While showback and chargeback could also be implemented on-premises to promote the deprovisioning of resources, that hardware will still exist in the data center and the cost must still be carried by the enterprise. The ability to scale the number (and size) of environments down (and up) and immediately recognize cost benefits, is a new opportunity uniquely enabled by the cloud, and you should take advantage of it.
Showback and chargeback are great ways to provide feedback and course correct month-over-month, but there are also ways via budgeting and alerting to be more proactive about controlling consumption before the bill is received at month’s end. Cloud providers have tools and systems in place to enable setting soft quotas for development teams that, when reached, will trigger alarms and send notifications to identified stakeholders. Services such as AWS Budgets and Azure Consumption’s Budget API will utilize the tags on your resources to enable you to set alerts like, “Let me know if my team gets within 50 percent of our budget within the first 10 days of the month.” These types of guardrails were not necessary in an on-premises world where the only resources you had to use were those in your data center. But in the cloud, they represent a new behavior that your organization needs to adopt in order to keep your costs in check.

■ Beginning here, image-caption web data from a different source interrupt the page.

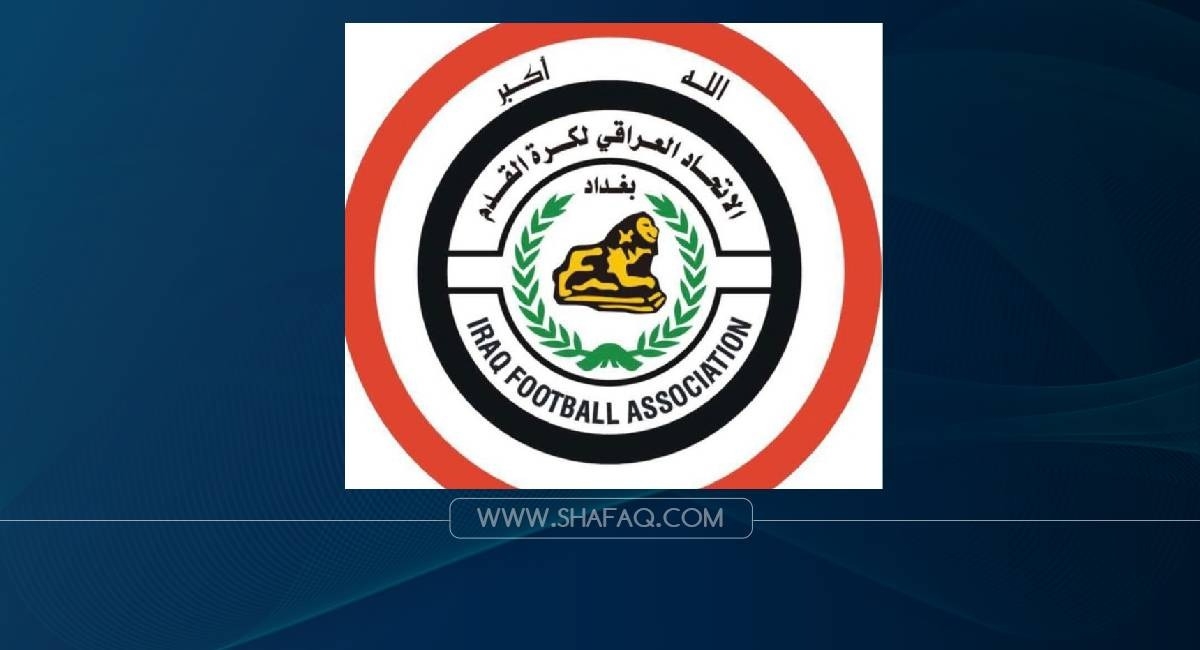 الاتحاد العراقي يعاقب نادي الجولان ومدرب الكرخ ومشرف الرمادي وأحد لاعبي دهوك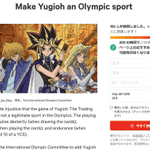 カナダのYouTuberがIOCに請願!？「遊戯王」をオリンピックの公式種目に!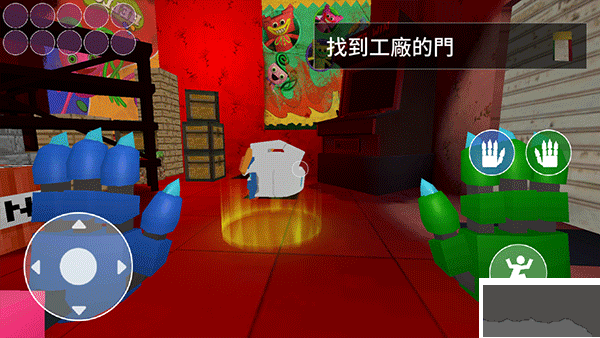 波比的游戲時間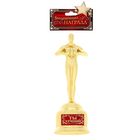 Кубок наградная фигура «Ты лучший», оскар, пластик, 18 см - Фото 5
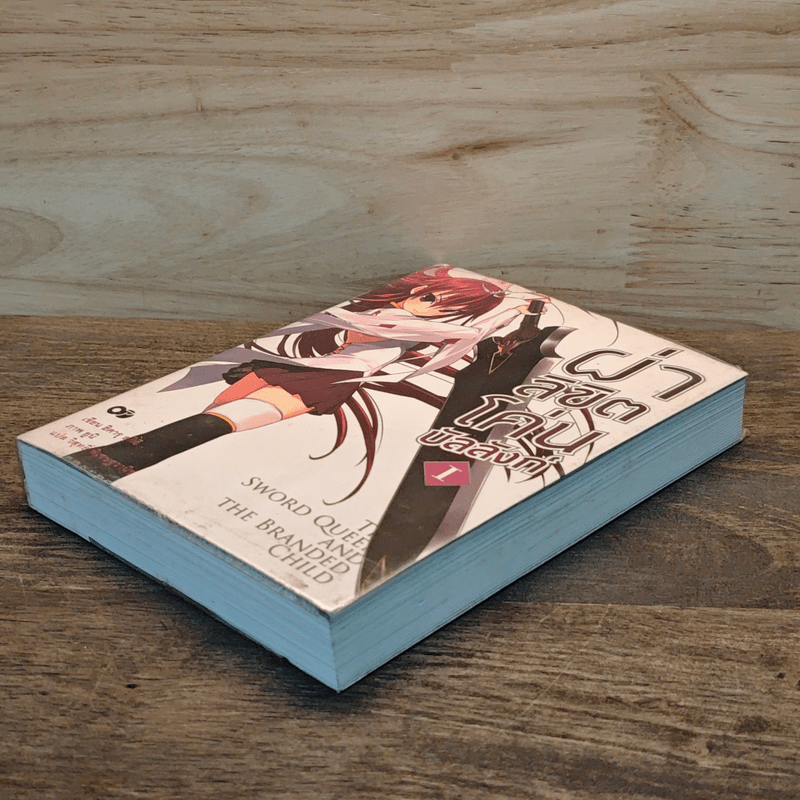 ผ่าลิขิต โค่นบัลลังก์ เล่ม 1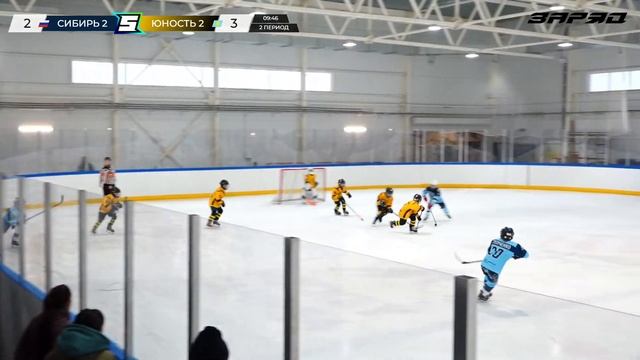 Матч №10 • Юность-2 — Сибирь-2 • Сибириус 2015-U9  • ЛДС Кольцово • 4 ноября 2023 в 13:00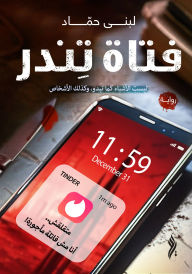 Title: Tender girl, Author: Lubna Hammad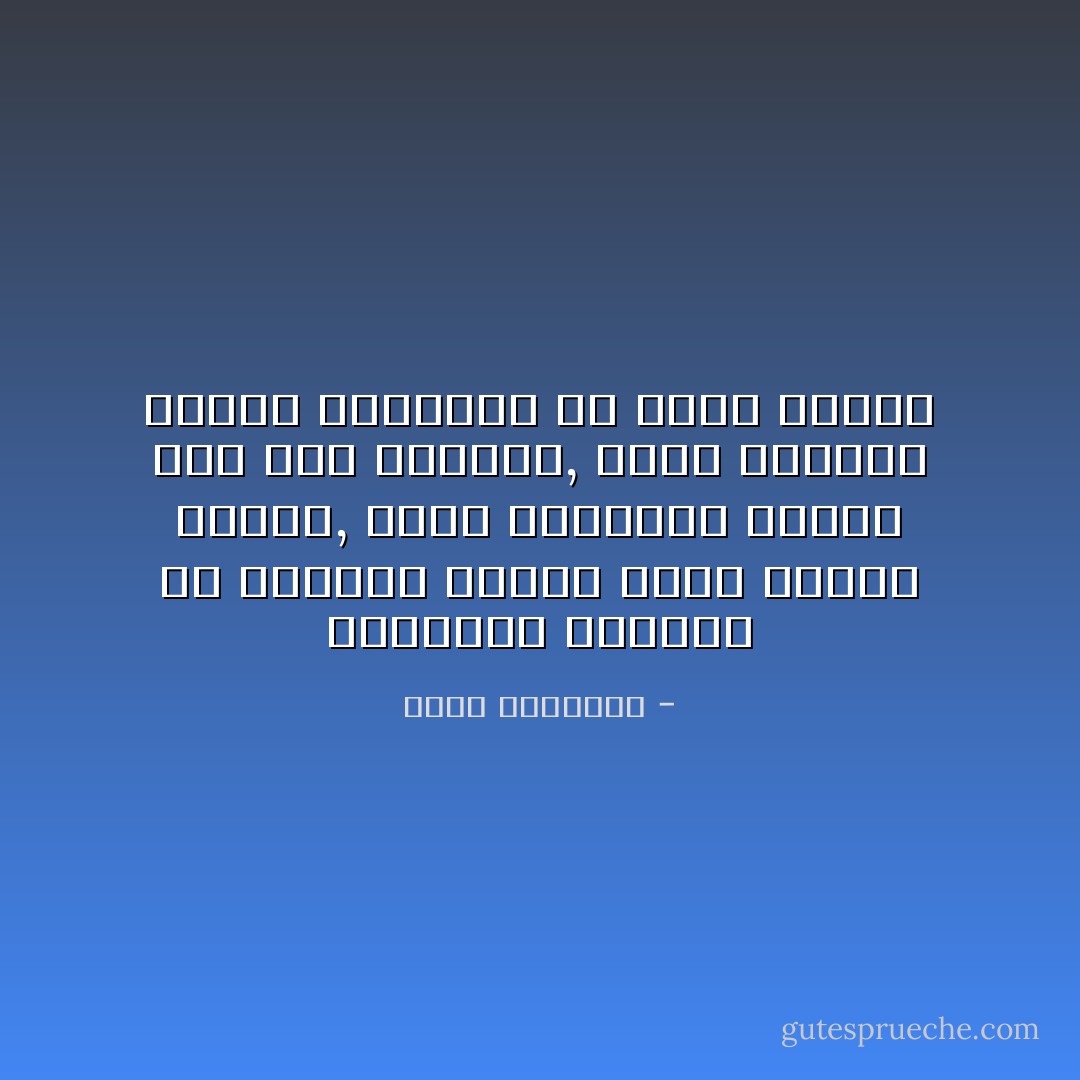 تعاطينا السلبي مع الإبداع حعلنا نٌسخاً مكررة مشوهة, تقوم بالأشياء نفسها على نحو متطابق, يصيب بالملل ويكرس النمطية في أبشع صورها - عبدالله المغلوث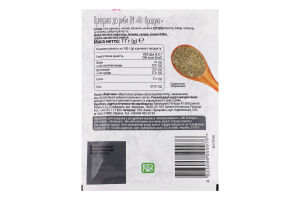 Приправа до риби Хіт продукт м/у 17г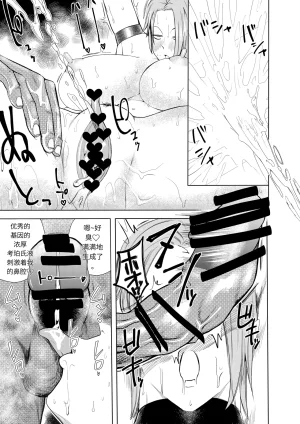 Bukiya Harpie Lady 2 Onee-san no Ero Manga Chinese deepseek机翻 - Page 28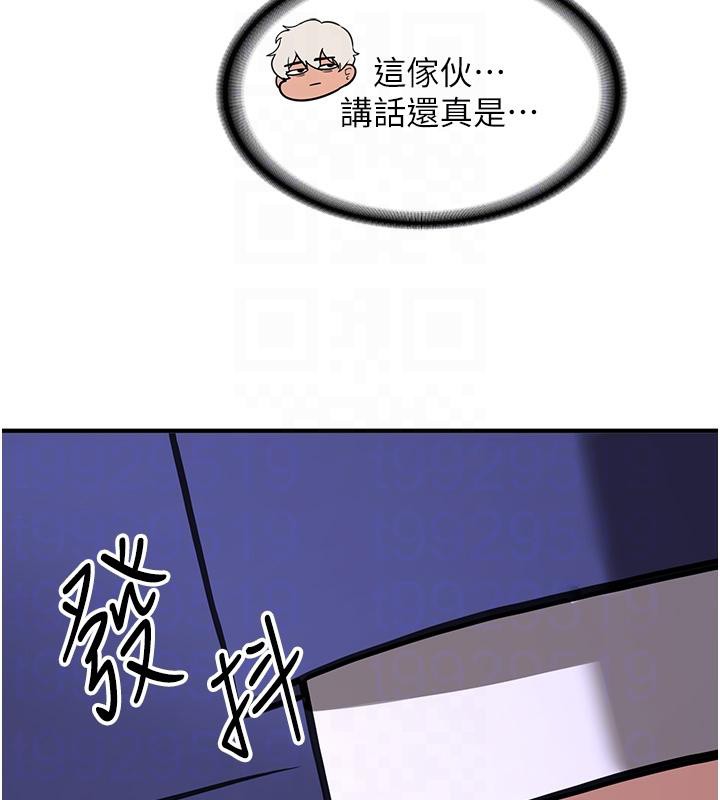 78P - 抢女友速成班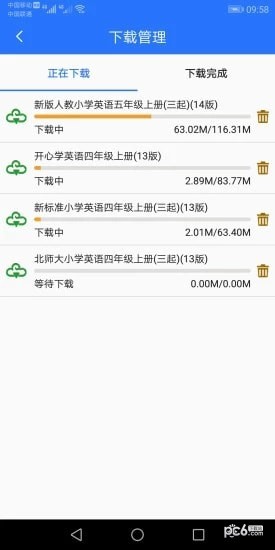 小学同步课堂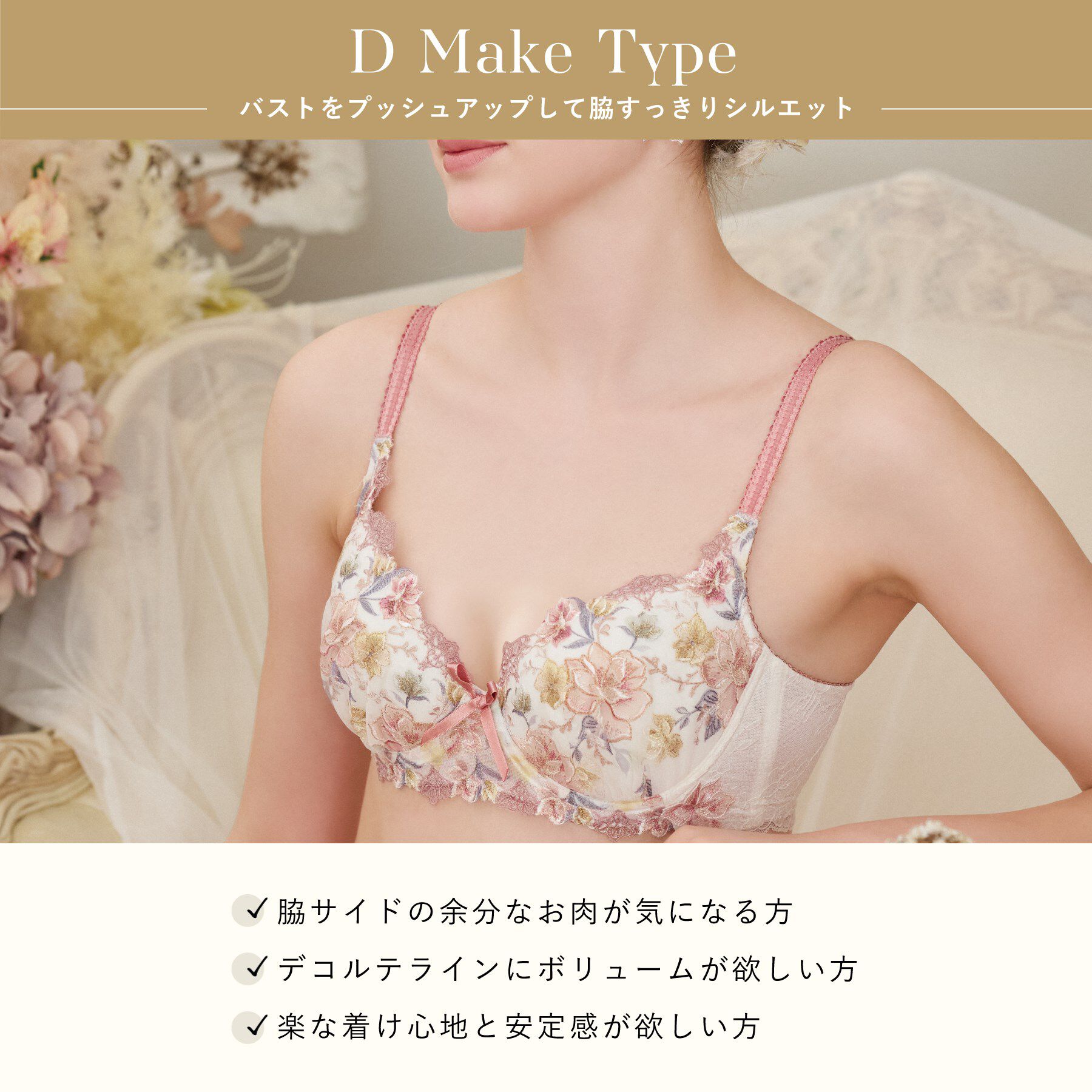 Risa Magli「ジェシー ブラジャー （B-C） ＜D Make Type＞」|インナー|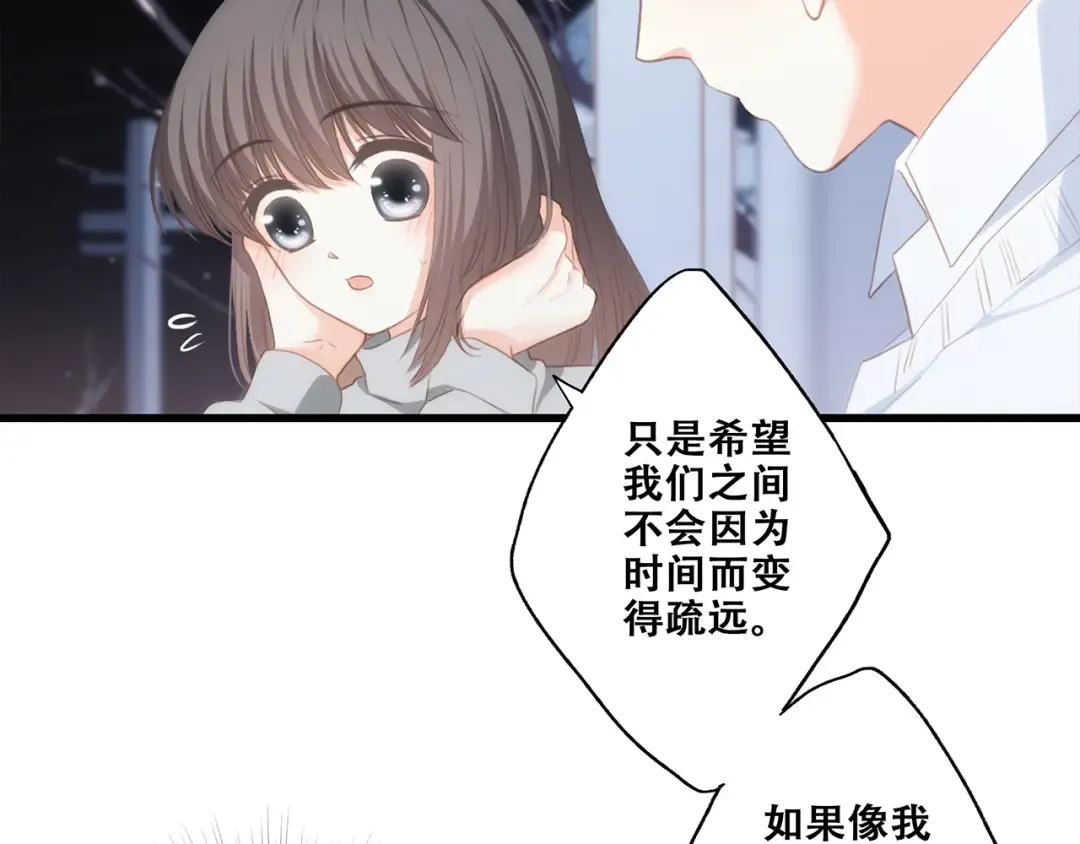 第55话 最安全的距离 第62页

Rearchitecting for Cloud: Cost-Conscious Changes at the Application Level
So far, we have focused primarily on how to reduce and control your costs by adopting new behaviors and becoming savvy about how you consume different services. But there are also enormous opportunities to reduce ongoing cloud costs by rethinking your application architectures. In addition to performance and feature enhancements, refactoring your applications to take full advantage of cloud native services can lead to a lower cost of operation. Consider whether or not your applications could benefit from the following options:
The unparalleled elasticity of cloud allows for rapid horizontal scaling, which effectively performs the rightsizing described above, but in real time. This type of near-instantaneous scaling is ideal for applications with decoupled architectures, which experience large fluctuations in demand. Enabling autoscaling prevents you from over-provisioning for the peaks and can trim the number of servers to as little as one, to reduce costs when there is minimal load on the application.
Low-impact Disaster Recovery:
Traditional disaster recovery (DR) architectures can be inherently expensive, requiring a full duplicate set of production resources sitting idly in a secondary data center. Depending on the Recovery Point Objective (RPO) and Recovery Time Objective (RTO) requirements of an application, a DR solution can be architected in the cloud with a much smaller (and cheaper) footprint. For example, a pilot light architecture requires only that an application’s data and some minimal services be replicated into another region, allowing for a much smaller footprint and lower cost than your traditional DR architecture.
PaaS vs. IaaS:
Often the easiest and fastest way to migrate your portfolio to the cloud is to utilize a lift-and-shift approach which involves rehosting your workloads on cloud infrastructure (IaaS). However, this may not be the most cost-effective solution in the long run. For applications which are appropriately decoupled, replatforming to utilize platform-as-a-service (PaaS) services removes some of the burden of management, which can lead to lower operating complexity and lower operating costs.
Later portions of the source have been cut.